Полицейские батальоны усилены пулеметными бронеавтомобилями. Против серьезного противника эти машины не тянут, но перекрыть дороги, занять господствующие высотки и охотиться на деморализованных солдат способны очень эффективно.
Бойцы полицейских батальонов вооружены автоматическим оружием. Пистолеты-пулеметы, малоэффективные в позиционной войне, отлично зарекомендовали себя в ближнем бою и для решения задач групп зачисток подходят идеально. Хорошо вооруженный личный состав батальонов прекрасно понимает, что их служба гораздо безопаснее передовой. А потому полицейские выполняют свои задачи с чрезмерным усердием, чтобы на этой самой передовой не оказаться.
Учитывая маленькие размеры местных лесов, немцы смогли позволить себе прочесать их «мелким ситечком». Так что шансов у нас не было, что с оружием, что без него. Наоборот, то, что нашу группу легко взяли, да еще с голыми руками, нас фактически и спасло – с вооруженными немцы не церемонятся. А уж тех, кого берут с трофейными винтовками, могут вообще не довести до пунктов сбора.
…Все это я узнал, пока мы добирались до лагеря пленных. Наши конвоиры были вообще солдатами «третьей очереди»: или молодняк, или уже совсем деды. Они не вступали с нами в контакт, любое общение среди самих пленных на марше жестко пресекалось. К слову, выловленных, подобно нам, и тех, кто сам сдался в плен, набрали целую колонну.
То, что с конвоирами шутки плохи, мы поняли после расстрела излишне гордого француза, не желавшего выполнять команду. Его просто взяли и расстреляли, без всяких экивоков и «соблюдений конвенций». Причем как-то буднично, без эмоций. А на марше конвоиры шутили между собой как ни в чем не бывало. То есть фактически расстрел являлся для них не акцией устрашения, а вполне штатной ситуацией.
После подобного никаких «глупых» мыслей уже не возникало. Да и наличие пистолетов-пулеметов у конвоя сводило к минимуму даже само желание напасть на немцев с голыми руками.
С того момента, как я очнулся под дулом автомата, со мной что-то произошло. Я будто в один миг сломался, утратил стержень. Навалилось такое бездумное и тупое безразличие, что я перестал узнавать самого себя.
Тупой, безвольный скот. Сказали встать – встаю. Говорят сесть – сажусь. Идти – иду… Тот, расстрелянный, чувство внутреннего достоинства не утратил и, видимо, продолжал ощущать себя солдатом. Им он и умер. Но во мне его поступок вызвал не уважение, а какое-то… злорадство. Вроде как: «нечего выпендриваться».
Эти внутренние перемены пугали. Но чувство опустошающей усталости, слившейся с тупым голодом, ломали всякие попытки размышлять, злиться, ненавидеть – одним словом все, что могло меня разбудить. Да, именно разбудить, потому что наше монотонное движение, пустые лица пленных и тупое равнодушие конвоиров – все это походило на какой-то жуткий кошмар. Казалось, что вот-вот я проснусь, увижу залитые солнечным светом стены родной квартиры, лицо любимой женщины… или хотя бы на худой конец очнусь в том лесу, где нас так позорно взяли.
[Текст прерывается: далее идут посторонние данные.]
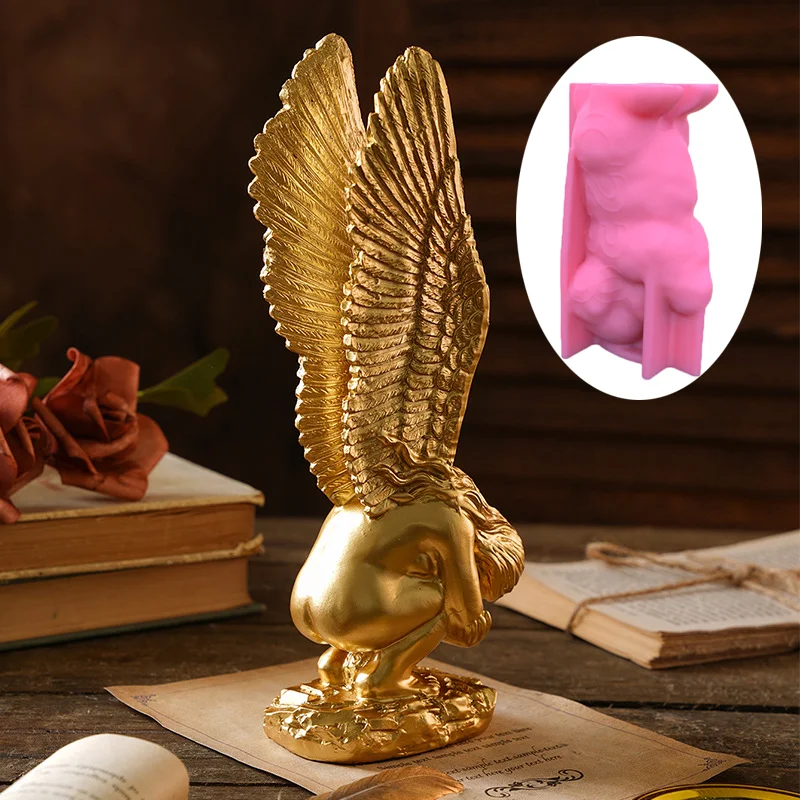 3D 17cm Angel Redemption Statue Epoxy resin silicone mold wings angel concrete cement plaster silicone mold candle silicone mold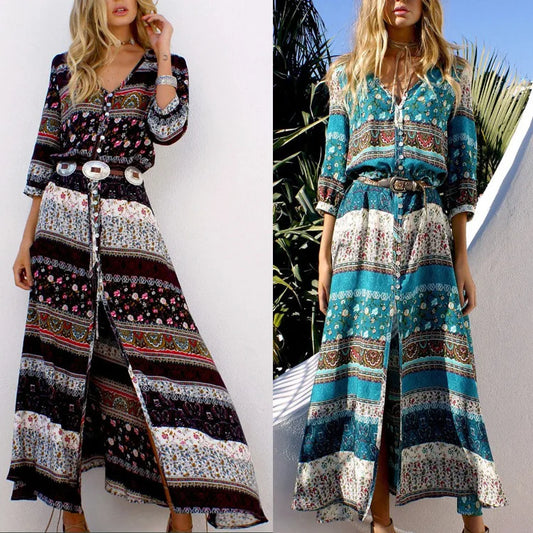 Fashion Print Boho Maxi Beach Dress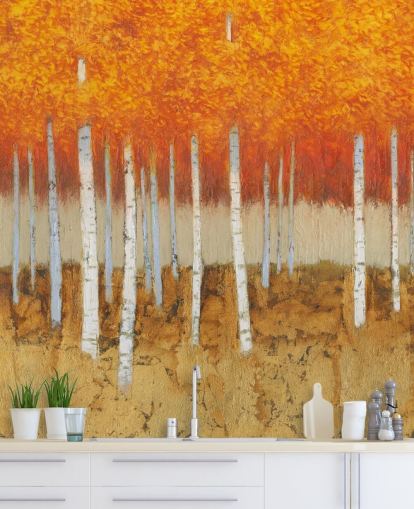 orange leaves and birch trees wallpaper orange leaves and birch trees wallpaper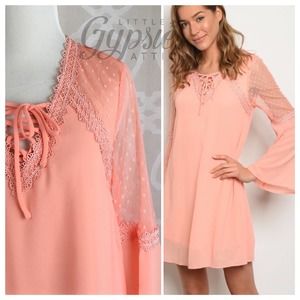 Peach Love and Lace Tunic Dress
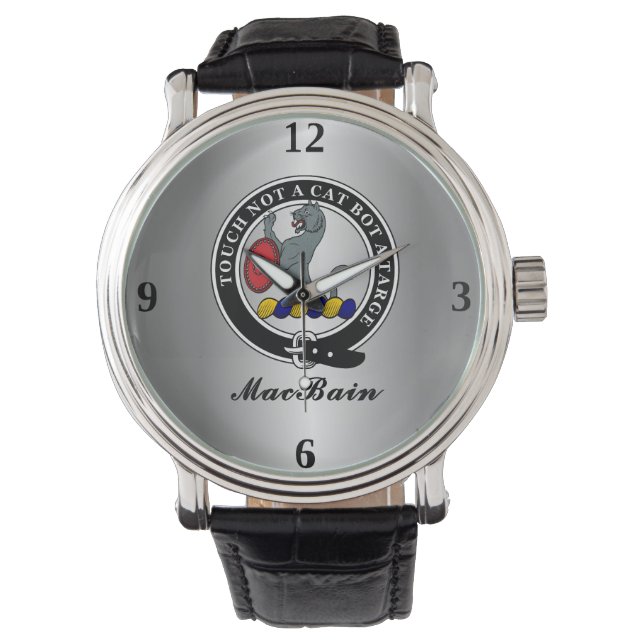 MacBain Clan Badge Gepersonaliseerd Horloge (Voorkant)
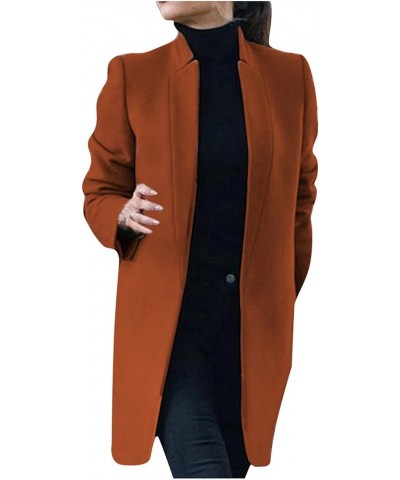 Women's Winter Open Front Woolen Mid Coat Solid Color Casual Long Sleeve Pea Coat Jacket Gold $10.13 Coats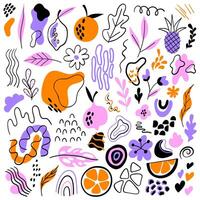 Big Set of Abstract Elements. Abstract Citrus Fruits and Geometric Shapes. Abstract Elements for Backgrounds, Textiles, Posters, Postcards, Packaging and more. vector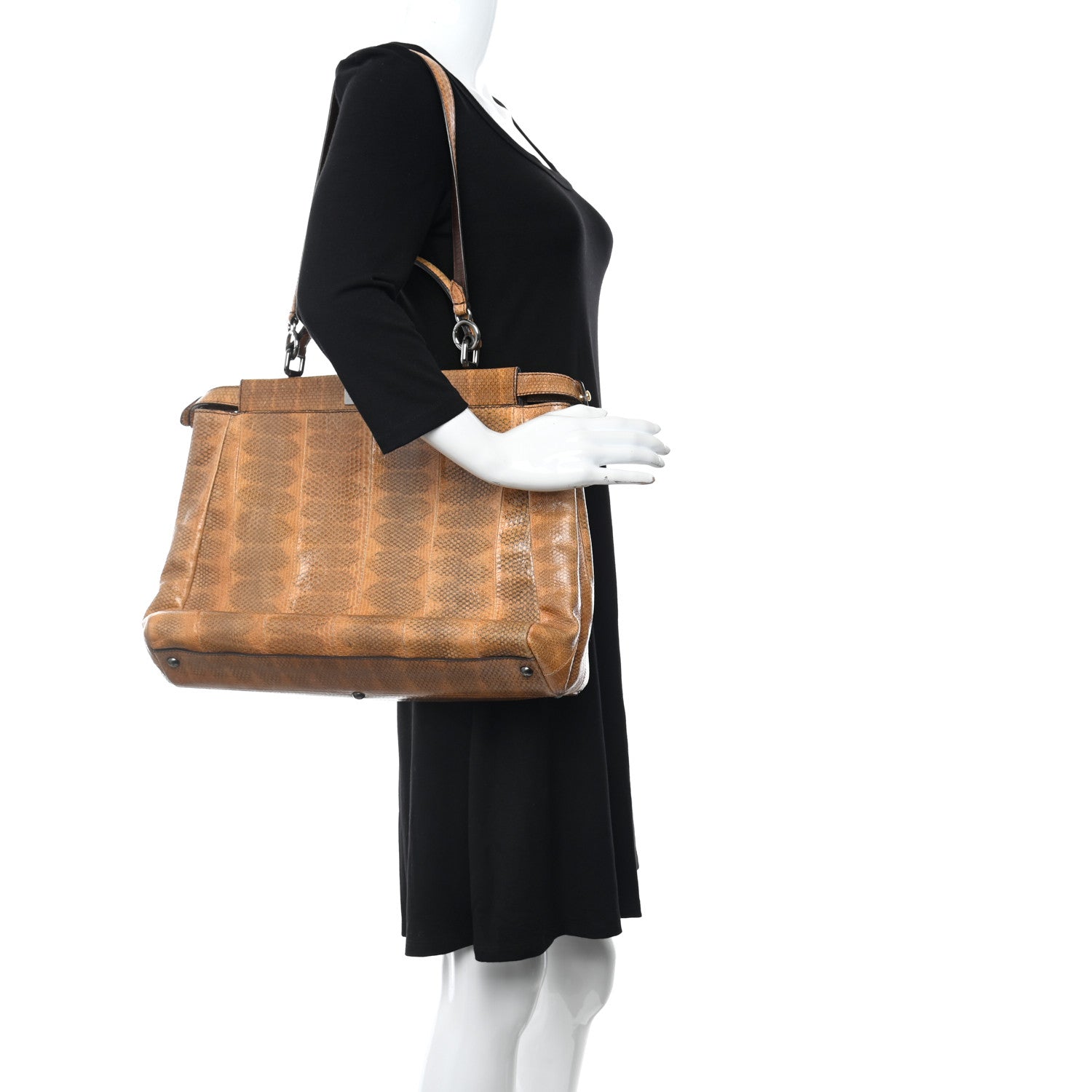 Fendi Watersnake Large Peekaboo Iconic Satchel Brown 2 of 12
Лагерь предстал передо мной средоточением людского отчаяния. Похоже, что окружающие разделяли все мои чувства. Мы превратились в стадо овец, которых контролируют пастухи и овчарки. Овчарки, к слову, были. Немецкие, породистые, крупные – и очень агрессивные. Их кормили не в пример лучше пленных.
«Пастухи» обосновались на вышках, расположенных по периметру сравнительно небольшого поля (примерно с футбольное), где разместилась масса французов, навскидку тысячи три. Дежурят они примерно по шесть часов, затем меняются. На каждой вышке по трофейному «гочкинсу», проходы ограждены отдельно и представляют собой коридор, обвитый колючей проволокой. Тоже трофейной.
Эта же проволока огораживает и весь периметр лагеря. В проходах постоянно дежурят солдаты. Опять-таки, многие из них имеют пистолеты-пулеметы. На проволоку навешены пустые консервные банки. Пулеметчики часто упражняются в стрельбе на их звук ночью, когда ветер начинает играть и создается впечатление, что кто-то пытается бежать.
Есть два здоровых прожектора. Они также работают всю ночь, своими лучами просвечивая пленных и особенно периметр. Как только кто-то открывает огонь, луч света сразу наводят на место, куда бьют хорошо заметные в ночи трассы.
Все это я отмечаю той частицей сознания, в которой я остался военным, все-таки не до конца сломленным. Пока еще. Хотя, быть может, просто вволю отоспался, и это немного меня освежило.
Но я начал наблюдать и думать. Не о побеге, нет. Просто передо мной было что-то вроде сложной математической задачи, к которой все же можно найти решение. Пока, правда, не получалось. Еще я обратил внимание на то, что мои ребята напуганы и сломлены менее других, чего-то ждут от меня. Видимо, они не осознали, не прочувствовали всей глубины моего падения.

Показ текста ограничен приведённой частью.